Excerpts from a dataset
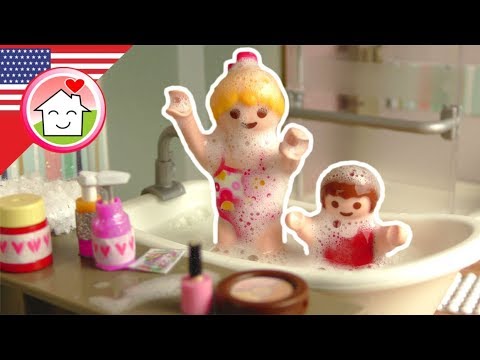 Playmobil The Bubble Monsters – Anna and Lena’s Bath Time Routine - Hauser Family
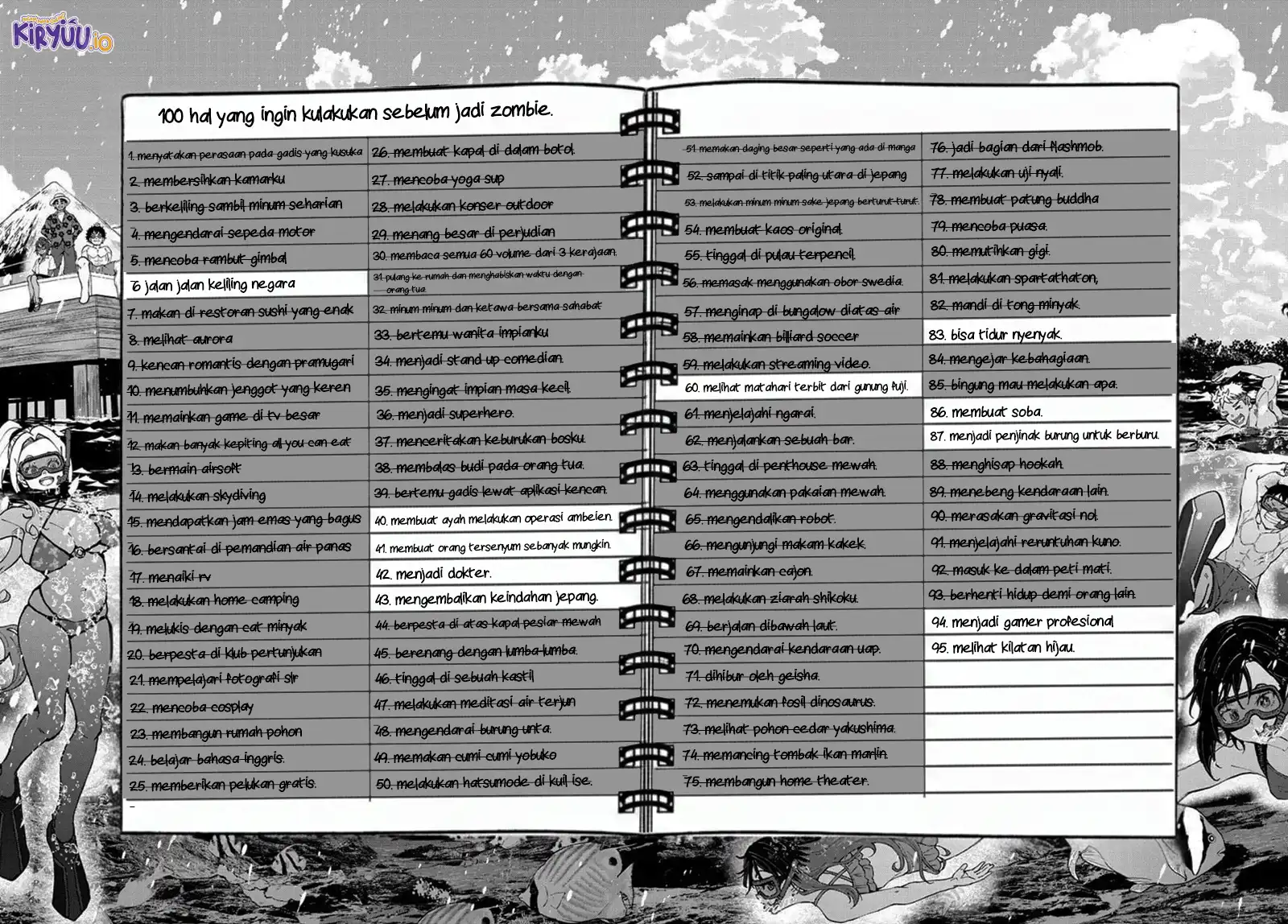 Baca Zombie 100 ~Zombie ni Naru Made ni Shitai 100 no Koto~ - Chapter 83 halaman 32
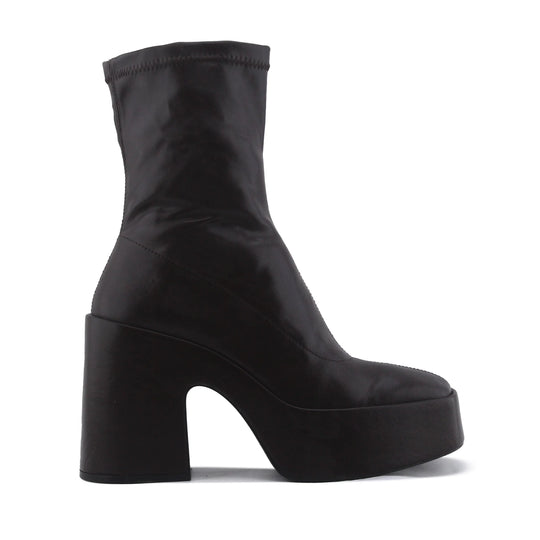 Zara Zipper Platform Ankle Boot | 100% Authentic Leather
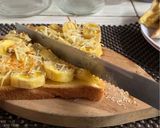 Foto langkah ke 5 dari resep Roti Bakar Pisang.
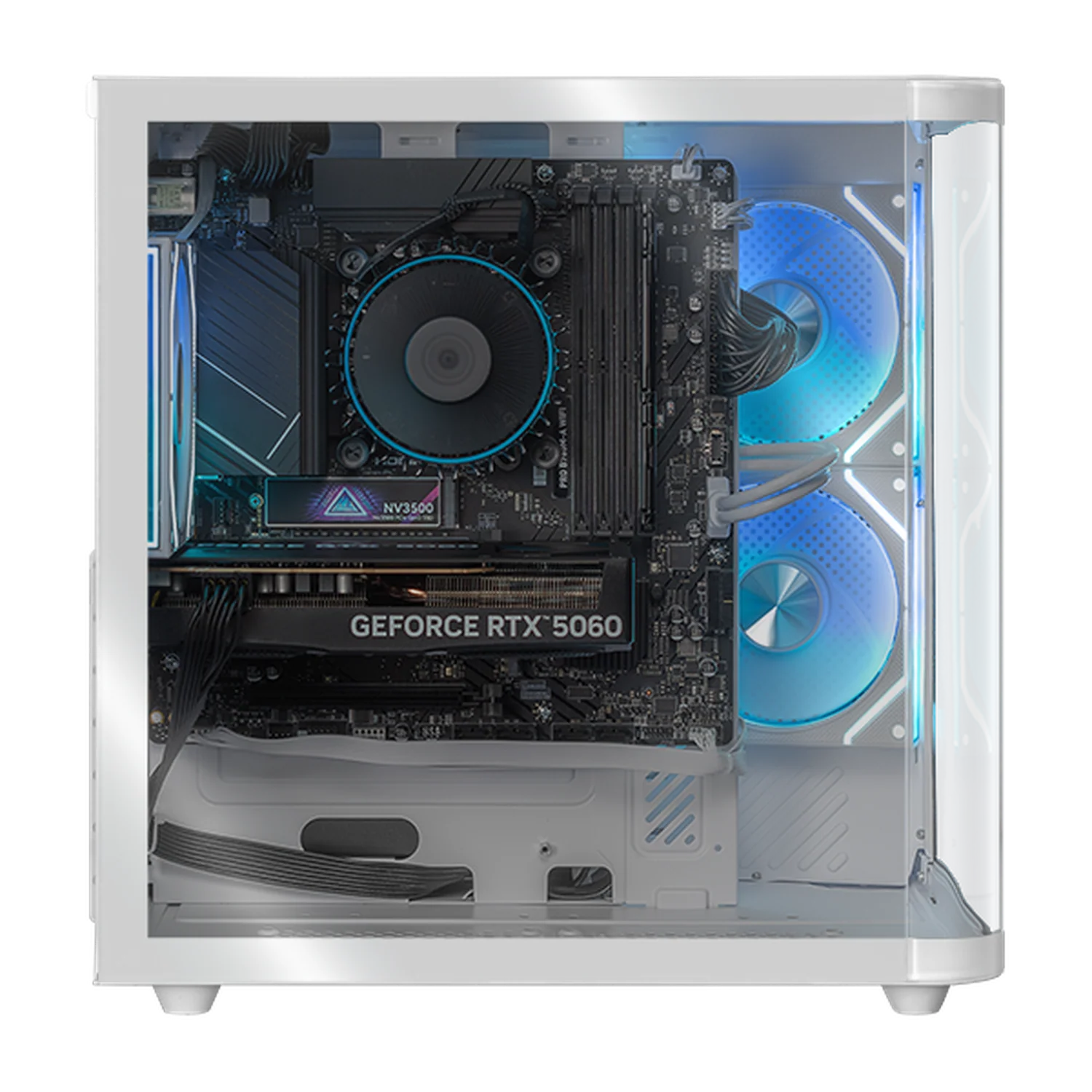 PC Gamer IA DXT GAMING NVIDIA GeForce RTX 5060 Intel Core i7 14700F 16GB DDR5 SSD 1TB WIFI White Productividad Versátil Acelerada con IA - Image 2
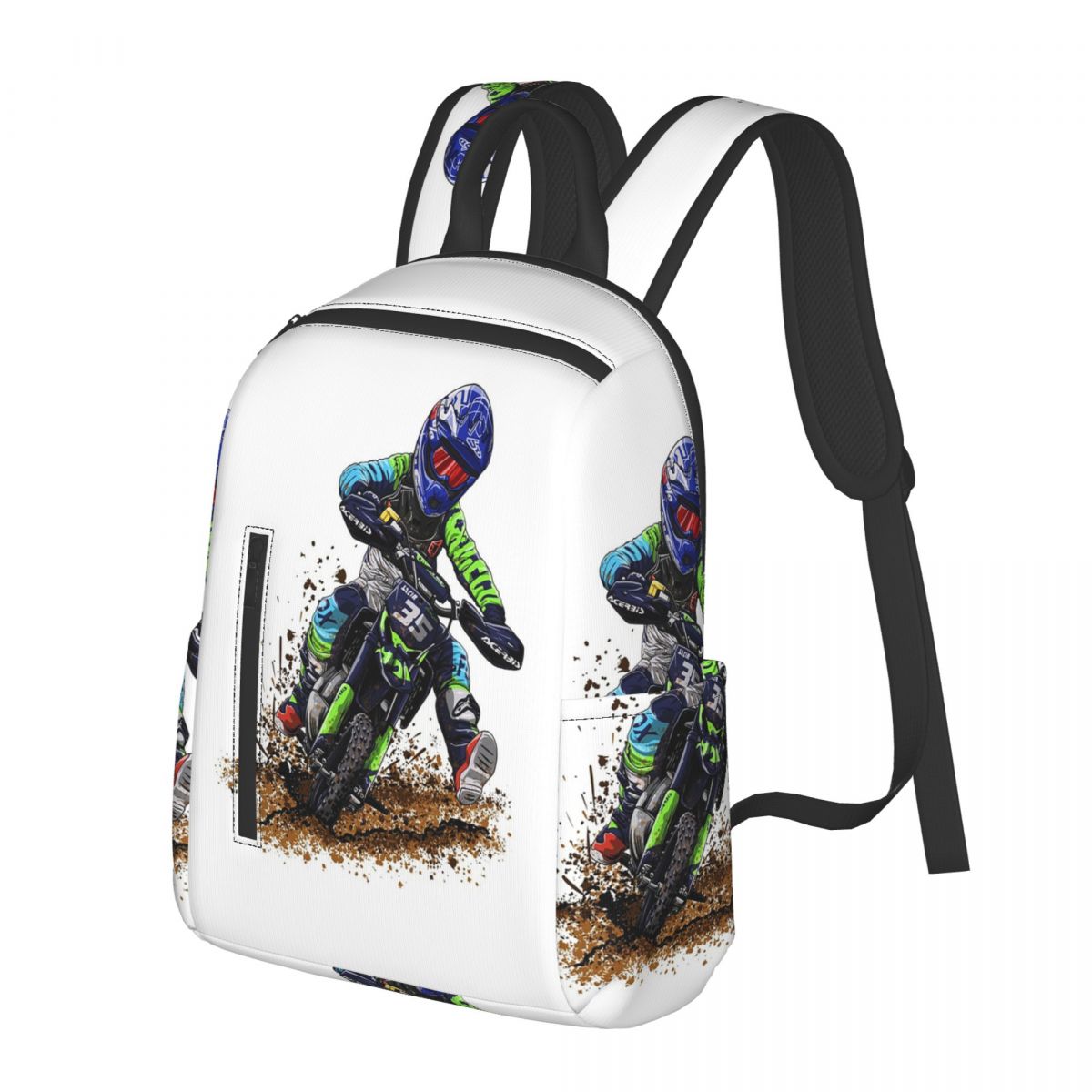 Cycling Journey - Mochila escolar para estudantes Motocross Dirt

## What you are asked to do
The copy should match each line above exactly and contain no images.

## Response to the task
 Playmobil The Bubble Monsters – Anna and Lena’s Bath Time Routine - Hauser Family
 Baca Zombie 100 ~Zombie ni Naru Made ni Shitai 100 no Koto~ - Chapter 83 halaman 32
 Zara Zipper Platform Ankle Boot | 100% Authentic Leather
 Foto langkah ke 5 dari resep Roti Bakar Pisang.
 PC Gamer IA DXT GAMING NVIDIA GeForce RTX 5060 Intel Core i7 14700F 16GB DDR5 SSD 1TB WIFI White Productividad Versátil Acelerada con IA - Image 2
 Cycling Journey - Mochila escolar para estudantes Motocross Dirt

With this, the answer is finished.